Keep in mind also that TIFF's, unlike raw, are frequently edited in place.  At least I do -- I often do "Edit original" if I need a few more touch-ups on a prior edit-in-photoshop, since I save them with layers all in.

So import date won't cut it -- you'd need some kind of modification date for non-raw (unless you never edit the original).


----------



## Jack Henry (Jan 25, 2014)

I was going to suggest ChronSync, but I just realised you're on a Windows based machine.

For those on Mac that may be wondering about backing up or synchronising modified files across multiple storage locations, ChronoSync is perfect. I use it across both Mac and Windows machines in order to maintain Synchronised audio files that I may be editing (I record Orchestras and Choirs) (Note, the Windows machine in this instance is just an added storage location for safety). Although ChronoSync doesn't get installed on the Windows machine, it sees it on the network and treats it like any other computer.

ChronoSync allows many different ways to backup, replace or synchronise files across many drives at once. It does this based on the time stamp of files, so for the OP it would have been ideal.
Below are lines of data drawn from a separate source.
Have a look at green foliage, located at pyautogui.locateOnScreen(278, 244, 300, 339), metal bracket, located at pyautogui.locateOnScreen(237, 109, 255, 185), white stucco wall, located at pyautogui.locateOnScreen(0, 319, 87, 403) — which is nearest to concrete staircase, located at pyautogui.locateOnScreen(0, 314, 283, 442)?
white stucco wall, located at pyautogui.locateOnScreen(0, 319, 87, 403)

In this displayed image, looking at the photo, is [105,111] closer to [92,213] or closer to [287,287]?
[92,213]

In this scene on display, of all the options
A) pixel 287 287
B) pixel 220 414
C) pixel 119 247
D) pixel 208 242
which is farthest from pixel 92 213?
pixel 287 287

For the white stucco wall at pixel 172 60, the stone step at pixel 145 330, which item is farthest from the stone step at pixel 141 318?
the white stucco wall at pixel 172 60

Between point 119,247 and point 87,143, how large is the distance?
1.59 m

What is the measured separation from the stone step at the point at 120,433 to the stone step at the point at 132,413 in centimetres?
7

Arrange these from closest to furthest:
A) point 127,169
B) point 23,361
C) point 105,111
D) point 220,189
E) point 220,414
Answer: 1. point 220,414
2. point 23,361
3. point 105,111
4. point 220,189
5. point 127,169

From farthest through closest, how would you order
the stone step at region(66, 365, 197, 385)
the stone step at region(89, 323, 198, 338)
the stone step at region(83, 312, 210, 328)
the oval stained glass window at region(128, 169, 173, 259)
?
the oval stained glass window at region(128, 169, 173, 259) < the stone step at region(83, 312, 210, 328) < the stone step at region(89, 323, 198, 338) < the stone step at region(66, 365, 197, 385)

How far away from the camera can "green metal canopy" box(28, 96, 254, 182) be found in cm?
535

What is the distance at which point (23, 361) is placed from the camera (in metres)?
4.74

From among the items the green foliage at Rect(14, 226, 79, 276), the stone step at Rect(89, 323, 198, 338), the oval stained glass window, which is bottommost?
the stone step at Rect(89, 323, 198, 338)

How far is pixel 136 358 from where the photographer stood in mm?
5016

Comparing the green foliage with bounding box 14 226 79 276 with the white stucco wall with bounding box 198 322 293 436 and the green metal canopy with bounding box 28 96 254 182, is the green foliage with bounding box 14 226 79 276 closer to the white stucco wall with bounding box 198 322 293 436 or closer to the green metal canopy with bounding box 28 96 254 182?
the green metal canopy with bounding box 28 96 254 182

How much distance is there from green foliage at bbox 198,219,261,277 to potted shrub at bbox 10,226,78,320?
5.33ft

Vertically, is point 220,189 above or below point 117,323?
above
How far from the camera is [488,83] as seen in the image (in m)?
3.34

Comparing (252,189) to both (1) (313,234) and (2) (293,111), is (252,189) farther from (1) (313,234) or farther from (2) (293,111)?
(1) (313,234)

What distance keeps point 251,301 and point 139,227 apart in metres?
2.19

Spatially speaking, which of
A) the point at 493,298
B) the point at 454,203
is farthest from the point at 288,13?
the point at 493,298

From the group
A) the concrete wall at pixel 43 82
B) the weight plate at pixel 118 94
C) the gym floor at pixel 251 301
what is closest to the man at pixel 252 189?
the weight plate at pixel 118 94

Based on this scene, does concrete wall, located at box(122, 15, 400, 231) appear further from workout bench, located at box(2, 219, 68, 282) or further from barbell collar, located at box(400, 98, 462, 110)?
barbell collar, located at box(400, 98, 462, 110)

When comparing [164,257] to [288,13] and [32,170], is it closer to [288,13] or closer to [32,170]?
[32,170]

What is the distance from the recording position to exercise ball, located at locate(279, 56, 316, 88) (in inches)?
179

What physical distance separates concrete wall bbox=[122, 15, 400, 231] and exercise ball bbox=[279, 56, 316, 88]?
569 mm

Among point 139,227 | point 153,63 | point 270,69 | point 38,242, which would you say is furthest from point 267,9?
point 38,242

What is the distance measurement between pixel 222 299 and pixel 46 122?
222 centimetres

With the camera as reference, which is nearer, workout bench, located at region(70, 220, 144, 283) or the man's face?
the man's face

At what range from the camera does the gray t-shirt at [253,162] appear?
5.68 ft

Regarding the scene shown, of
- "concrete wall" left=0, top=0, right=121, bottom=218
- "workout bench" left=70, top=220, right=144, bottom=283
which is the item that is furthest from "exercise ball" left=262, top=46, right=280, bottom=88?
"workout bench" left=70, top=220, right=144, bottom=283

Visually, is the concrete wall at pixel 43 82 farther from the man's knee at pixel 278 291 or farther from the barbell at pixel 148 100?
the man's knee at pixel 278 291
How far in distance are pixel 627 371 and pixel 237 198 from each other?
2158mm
For instance, I have a ChronoSync 'document' (the instruction file) that backs up my wifes MacBook when she turns it on (and it joins the network). After the 'initial' full copy of files, the document is set to copy modified files from the MacBook, to an external USB HDD attached to my iMac. It also duplicates that copy to another drive. The same occurs with an old Windows XP laptop. When that is turned on, and the ChronoSync Scheduler sees it appear on the network, it too (selected files only) gets backed up to external USB HDD attached to the iMac.

But, you can also set ChronoSync to 'Synchronise' and back up in both directions (and keep deletions to any number of versions). You might use this when you are editing files on a MacBook and also a desktop iMac, so the files (and edits) are up to date on both machines.
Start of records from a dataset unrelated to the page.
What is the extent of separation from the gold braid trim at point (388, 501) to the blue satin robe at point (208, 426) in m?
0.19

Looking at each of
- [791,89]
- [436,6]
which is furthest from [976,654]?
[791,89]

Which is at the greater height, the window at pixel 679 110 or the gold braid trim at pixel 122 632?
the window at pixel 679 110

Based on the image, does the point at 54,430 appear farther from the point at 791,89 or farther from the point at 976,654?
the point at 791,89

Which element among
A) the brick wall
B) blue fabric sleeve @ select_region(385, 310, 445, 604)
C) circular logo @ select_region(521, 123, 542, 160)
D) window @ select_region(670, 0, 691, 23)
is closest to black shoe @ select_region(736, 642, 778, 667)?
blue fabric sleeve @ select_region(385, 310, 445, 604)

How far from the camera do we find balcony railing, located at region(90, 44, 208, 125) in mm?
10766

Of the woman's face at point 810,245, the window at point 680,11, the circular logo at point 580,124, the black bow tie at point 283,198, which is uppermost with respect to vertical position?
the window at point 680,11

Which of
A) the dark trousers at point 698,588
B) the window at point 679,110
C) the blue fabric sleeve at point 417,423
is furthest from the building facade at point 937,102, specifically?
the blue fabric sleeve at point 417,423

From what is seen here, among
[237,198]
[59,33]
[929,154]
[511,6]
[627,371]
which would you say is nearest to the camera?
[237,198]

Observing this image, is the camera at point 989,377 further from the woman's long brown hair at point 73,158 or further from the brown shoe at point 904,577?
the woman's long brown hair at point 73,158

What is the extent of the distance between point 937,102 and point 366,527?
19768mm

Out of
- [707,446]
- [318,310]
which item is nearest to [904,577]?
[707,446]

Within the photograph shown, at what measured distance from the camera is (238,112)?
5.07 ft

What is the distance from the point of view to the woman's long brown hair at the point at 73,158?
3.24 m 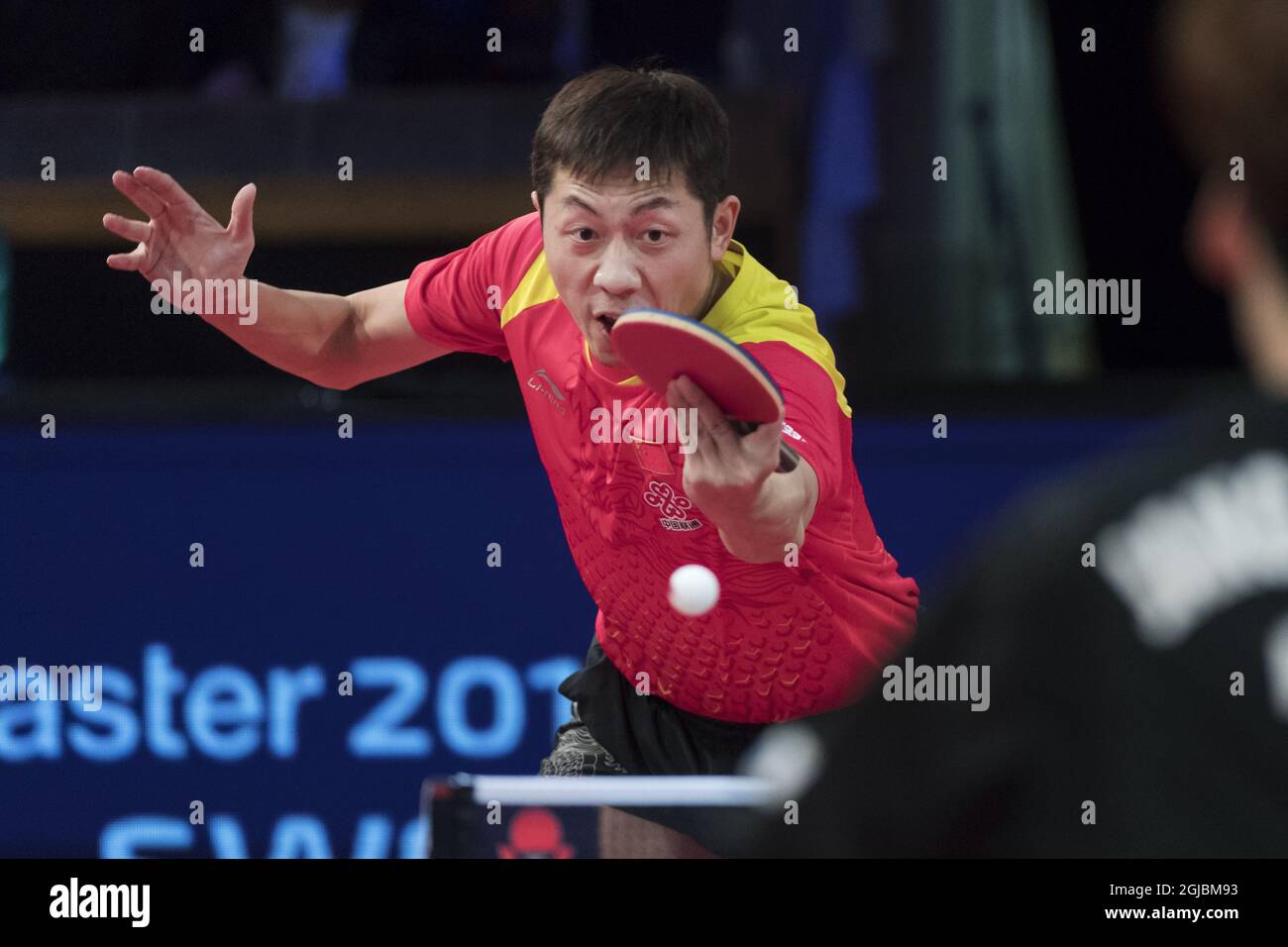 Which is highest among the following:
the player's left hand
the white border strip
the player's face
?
the player's face

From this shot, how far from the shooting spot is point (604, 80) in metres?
3.12

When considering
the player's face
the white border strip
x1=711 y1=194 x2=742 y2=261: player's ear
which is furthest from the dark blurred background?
the white border strip

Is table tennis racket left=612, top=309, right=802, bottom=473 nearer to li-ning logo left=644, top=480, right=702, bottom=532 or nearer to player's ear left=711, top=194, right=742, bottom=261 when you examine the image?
li-ning logo left=644, top=480, right=702, bottom=532

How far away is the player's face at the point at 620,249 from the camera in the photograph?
9.67ft

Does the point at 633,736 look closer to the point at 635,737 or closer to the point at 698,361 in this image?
the point at 635,737

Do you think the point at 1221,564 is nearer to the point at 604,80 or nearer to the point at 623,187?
the point at 623,187

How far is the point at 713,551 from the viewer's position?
9.82ft

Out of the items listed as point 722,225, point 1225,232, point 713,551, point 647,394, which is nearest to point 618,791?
point 713,551

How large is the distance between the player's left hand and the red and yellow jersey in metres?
0.39

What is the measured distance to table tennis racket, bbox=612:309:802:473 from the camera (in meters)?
2.33

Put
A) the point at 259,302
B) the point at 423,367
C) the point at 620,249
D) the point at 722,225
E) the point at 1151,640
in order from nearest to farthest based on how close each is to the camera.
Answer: the point at 1151,640 < the point at 620,249 < the point at 722,225 < the point at 259,302 < the point at 423,367

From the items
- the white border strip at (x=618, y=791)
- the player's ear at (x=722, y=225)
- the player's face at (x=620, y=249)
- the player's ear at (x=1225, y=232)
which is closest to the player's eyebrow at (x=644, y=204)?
the player's face at (x=620, y=249)

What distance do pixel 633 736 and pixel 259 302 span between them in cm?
101

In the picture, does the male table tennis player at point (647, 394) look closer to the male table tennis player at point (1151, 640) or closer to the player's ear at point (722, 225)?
the player's ear at point (722, 225)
You can also run the documents manually or as a set of documents performing a number of step in the process.


----------



## wandersman (Jan 31, 2017)

Hi I'm struggling with this and I have a bit of workaround.

1. Go to Metadata window
2. Click the little box next to filename.
3. Change File Naming to Date-File name. You'll now see a date appear in front of the filename like: 20151124-IMG_1688.PNG


----------



## rob211 (Jan 31, 2017)

Well, if you want to get the date imported of a file sent back as a TIFF, JPEG, etc, the I'd suggest you use the filesystem date as opposed to any of the exif/IPTC dates, which of course we prefer to keep as the original dates. But since the edited file is new, at least on a Mac it has a new filesystem date. That info isn't commonly shown in Lr, but you could use John Beardsworth's Search Replace Transfer plugin to take that filesystem date, say 2017-01-31, and put it into a metadata field that you could more easily use, like a keyword, title, etc. Then you could make a collection and depending where you put it maybe even sort, etc. And maybe even use the same keywords as a preset at import so you'd preserve the date there too.


----------



## Gnits (Jan 31, 2017)

I agree that it is better to be automated, outside of Lr.
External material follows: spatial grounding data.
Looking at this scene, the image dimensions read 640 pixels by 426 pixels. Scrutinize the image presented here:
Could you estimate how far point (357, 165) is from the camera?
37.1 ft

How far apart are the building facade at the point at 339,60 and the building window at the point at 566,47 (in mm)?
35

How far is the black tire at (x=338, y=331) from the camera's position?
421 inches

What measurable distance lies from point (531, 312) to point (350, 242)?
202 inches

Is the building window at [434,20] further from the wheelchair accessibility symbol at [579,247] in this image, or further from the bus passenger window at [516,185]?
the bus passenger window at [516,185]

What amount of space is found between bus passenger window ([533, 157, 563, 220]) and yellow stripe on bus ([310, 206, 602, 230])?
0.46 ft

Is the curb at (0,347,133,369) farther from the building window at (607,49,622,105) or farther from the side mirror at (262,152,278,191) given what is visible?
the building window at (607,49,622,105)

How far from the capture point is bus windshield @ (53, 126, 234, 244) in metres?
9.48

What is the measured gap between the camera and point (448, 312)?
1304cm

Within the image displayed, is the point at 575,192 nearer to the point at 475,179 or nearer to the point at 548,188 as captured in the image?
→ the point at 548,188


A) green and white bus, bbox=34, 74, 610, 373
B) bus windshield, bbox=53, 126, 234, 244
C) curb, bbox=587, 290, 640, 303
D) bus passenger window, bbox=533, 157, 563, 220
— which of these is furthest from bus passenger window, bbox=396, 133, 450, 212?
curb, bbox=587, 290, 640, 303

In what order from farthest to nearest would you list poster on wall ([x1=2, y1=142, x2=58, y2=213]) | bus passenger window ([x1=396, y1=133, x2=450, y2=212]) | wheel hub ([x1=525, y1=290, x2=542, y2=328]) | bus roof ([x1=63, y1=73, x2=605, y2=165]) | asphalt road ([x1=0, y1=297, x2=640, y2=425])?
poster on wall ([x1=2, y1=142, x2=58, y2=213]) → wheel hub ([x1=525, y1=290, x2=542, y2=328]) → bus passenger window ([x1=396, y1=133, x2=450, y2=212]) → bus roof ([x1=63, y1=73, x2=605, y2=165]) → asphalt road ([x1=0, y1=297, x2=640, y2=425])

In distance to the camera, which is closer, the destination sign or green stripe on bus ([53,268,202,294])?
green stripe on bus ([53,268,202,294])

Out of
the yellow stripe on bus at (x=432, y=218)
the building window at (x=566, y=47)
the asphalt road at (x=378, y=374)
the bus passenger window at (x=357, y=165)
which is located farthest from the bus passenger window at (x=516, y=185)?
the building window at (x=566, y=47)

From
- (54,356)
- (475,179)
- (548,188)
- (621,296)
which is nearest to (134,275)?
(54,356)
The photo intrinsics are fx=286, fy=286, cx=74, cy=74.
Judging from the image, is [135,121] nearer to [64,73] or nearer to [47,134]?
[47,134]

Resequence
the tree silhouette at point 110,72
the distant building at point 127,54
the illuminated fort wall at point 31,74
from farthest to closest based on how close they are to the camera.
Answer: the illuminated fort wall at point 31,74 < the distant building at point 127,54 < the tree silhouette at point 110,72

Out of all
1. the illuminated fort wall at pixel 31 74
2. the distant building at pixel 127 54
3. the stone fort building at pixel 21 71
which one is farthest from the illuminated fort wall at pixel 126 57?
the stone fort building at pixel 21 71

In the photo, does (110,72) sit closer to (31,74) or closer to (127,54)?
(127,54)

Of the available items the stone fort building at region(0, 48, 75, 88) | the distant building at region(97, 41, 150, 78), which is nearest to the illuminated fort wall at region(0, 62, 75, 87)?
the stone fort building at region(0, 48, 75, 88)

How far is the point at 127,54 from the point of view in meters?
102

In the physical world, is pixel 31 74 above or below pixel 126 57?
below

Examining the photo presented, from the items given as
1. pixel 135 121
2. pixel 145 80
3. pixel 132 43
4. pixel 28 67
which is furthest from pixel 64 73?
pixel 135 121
On Windows there are two apps which may be of use. Both do the same thing, but each have pros and cons depending on what you want to do and your own level of expertise.

Beyond Compare ....Is a Windows (and now Mac also) which has different versions (eg. free, Workstation, Networked) which allows you to configure the Synch of New or Modified files from a folder or disk to a folder or disk.  You can save a specific configuration so it can easily be run and can also be scheduled. The schedule bit needs some techie skills. Its only criticism is that the number of options available can be overpowering for some.

Vica Versa is another tool for Windows environments. This has a better user driven scheduling feature.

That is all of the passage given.